= Excerpted records =
────────────────

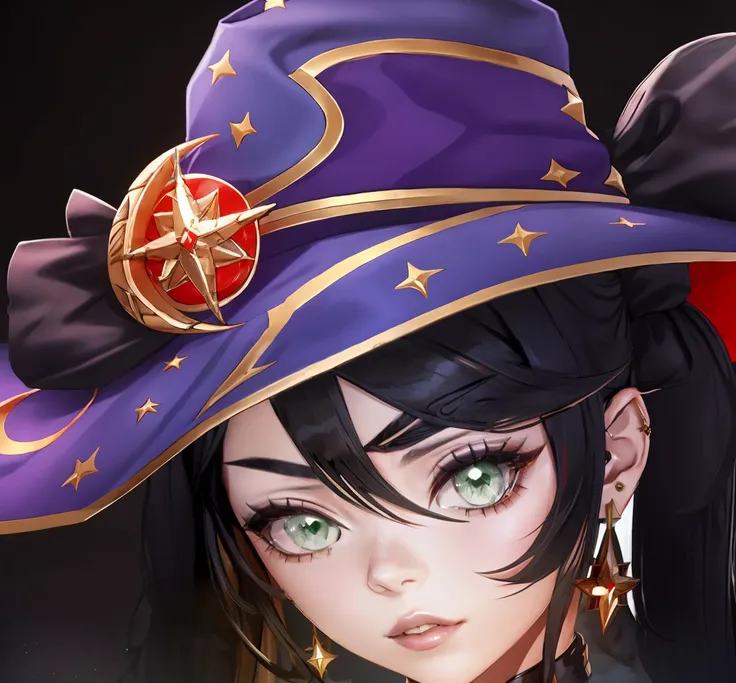 solo, earrings, black hair, choker, 1girl, jewelry, looking at viewer, green eyes, mona \(genshin impact\), witch hat, black background, head tilt, cape, twintails, shaft look, hair between eyes, hat, sidelocks, parted lips, long hair  <lora:Monav3:0.8> Mona,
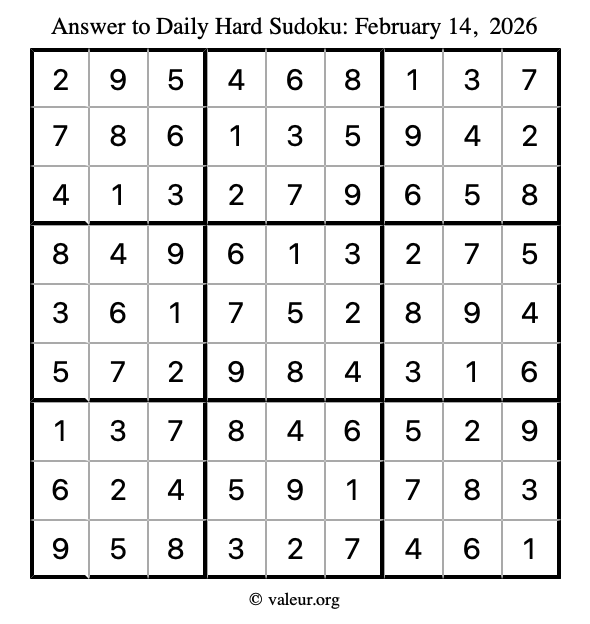Answer to hard sudoku February 14, 2026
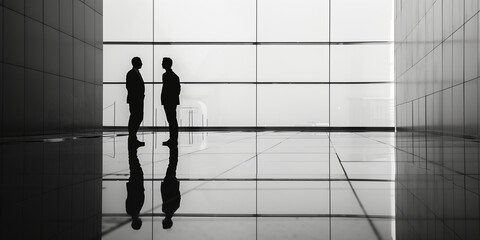 Two men are standing in a large room with a window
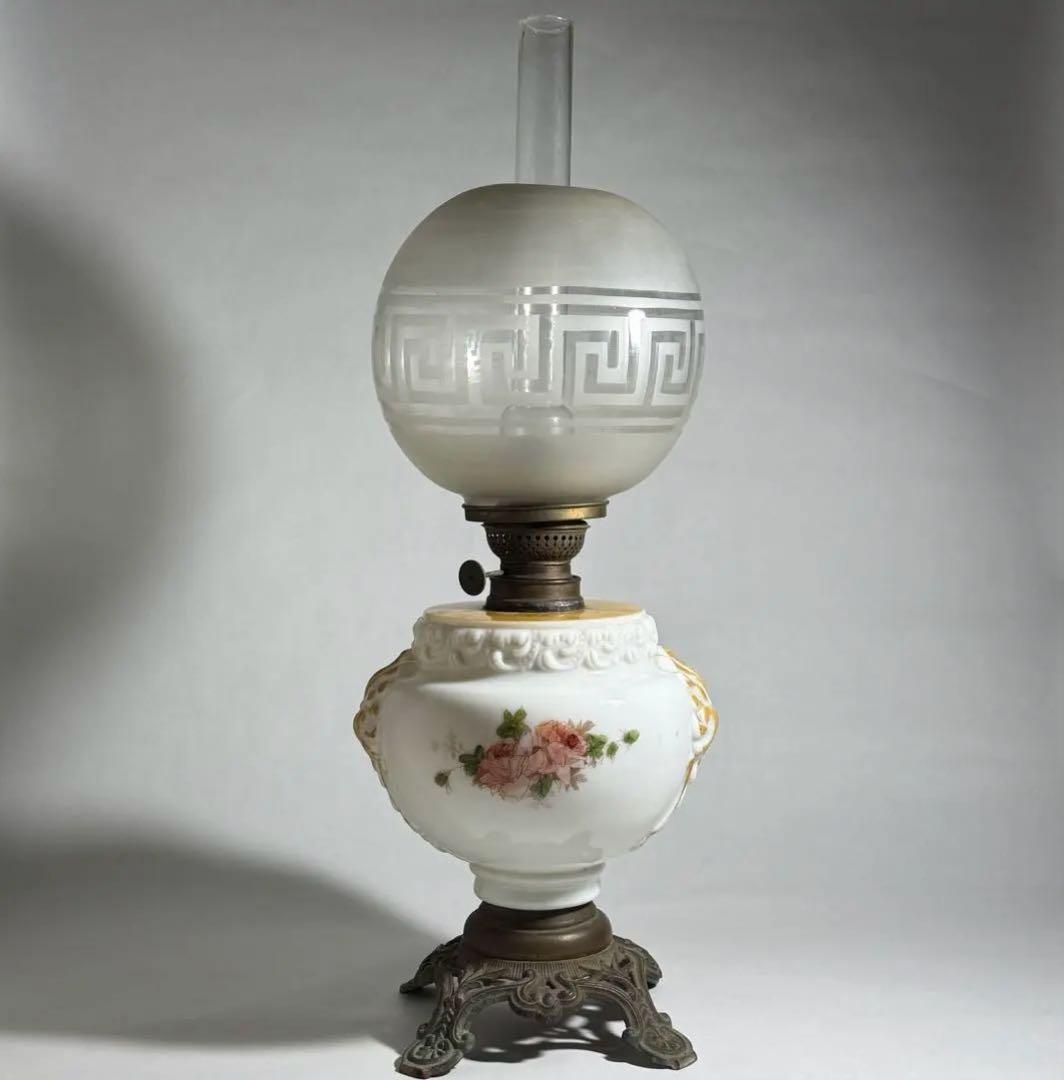 ◆希少 置きランプ 雷文擦り硝子火屋 ガラス絵乳白硝子オイル壺 明治時代◆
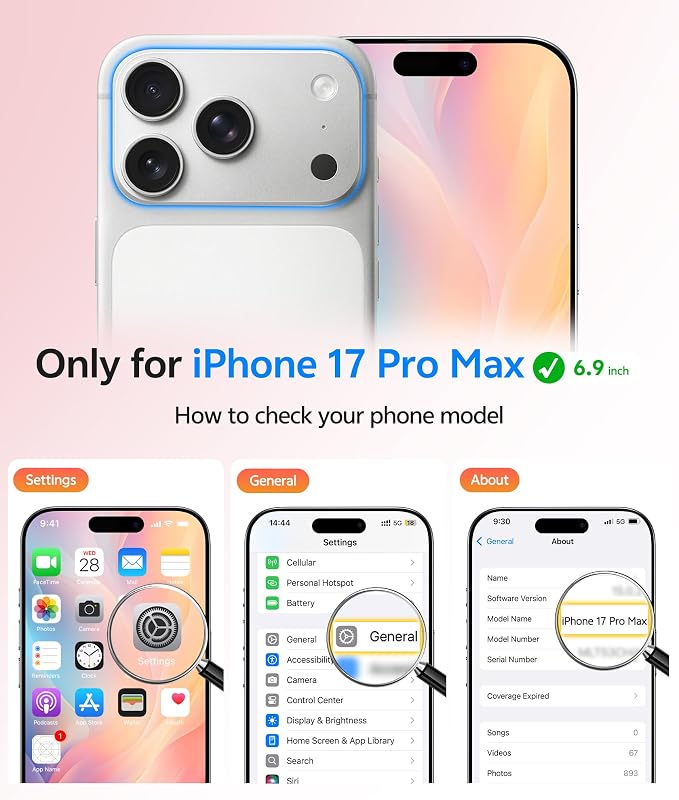 FNTCASE for iPhone 17 Pro Max Case, Fit for Magsafe, Screen Protector | Full Camera Protection, Translucent Matte, 14FT Military Grade Drop Proof, Shockproof Protective Phone Cover, Light Pink - Image 2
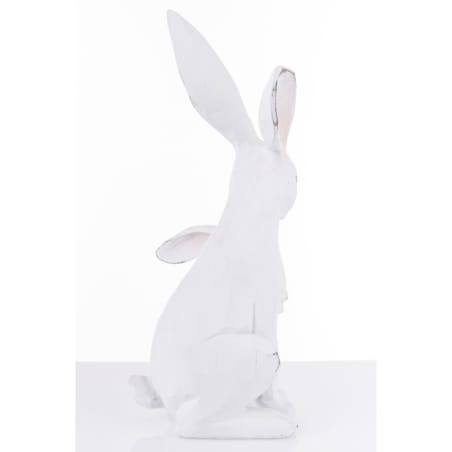 Dekoracja - figurka 2 białe przytulone 27x18x11 cm ZAJĄCZKI-2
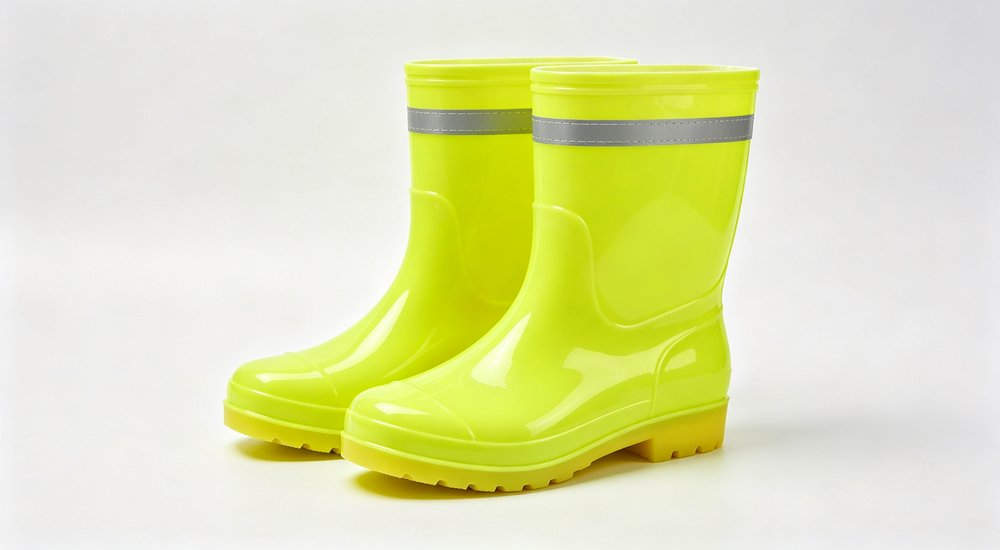 High-visibility fluorescent yellow rain boots with reflective strips and yellow ox tendon anti-slip sole, straight-on product view showing 360-degree visibility bands, durable PVC polymer, wholesale rescue boots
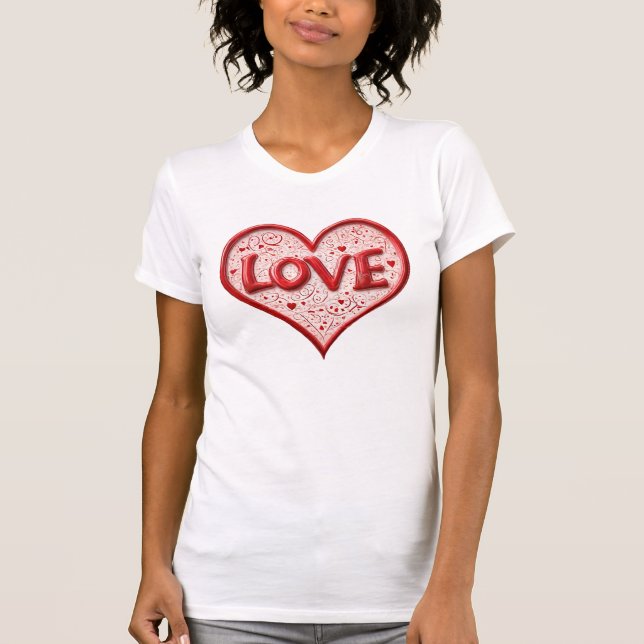 Camiseta Corazón De Amor Rojo Y Blanco (Anverso)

────────────────

Return the records above in their entirety, word for word, with the pictures removed.

 solo, earrings, black hair, choker, 1girl, jewelry, looking at viewer, green eyes, mona \(genshin impact\), witch hat, black background, head tilt, cape, twintails, shaft look, hair between eyes, hat, sidelocks, parted lips, long hair  <lora:Monav3:0.8> Mona,
Answer to hard sudoku February 14, 2026
 Two men are standing in a large room with a window
 ◆希少 置きランプ 雷文擦り硝子火屋 ガラス絵乳白硝子オイル壺 明治時代◆
 FNTCASE for iPhone 17 Pro Max Case, Fit for Magsafe, Screen Protector | Full Camera Protection, Translucent Matte, 14FT Military Grade Drop Proof, Shockproof Protective Phone Cover, Light Pink - Image 2
 Dekoracja - figurka 2 białe przytulone 27x18x11 cm ZAJĄCZKI-2
 High-visibility fluorescent yellow rain boots with reflective strips and yellow ox tendon anti-slip sole, straight-on product view showing 360-degree visibility bands, durable PVC polymer, wholesale rescue boots
 Camiseta Corazón De Amor Rojo Y Blanco (Anverso)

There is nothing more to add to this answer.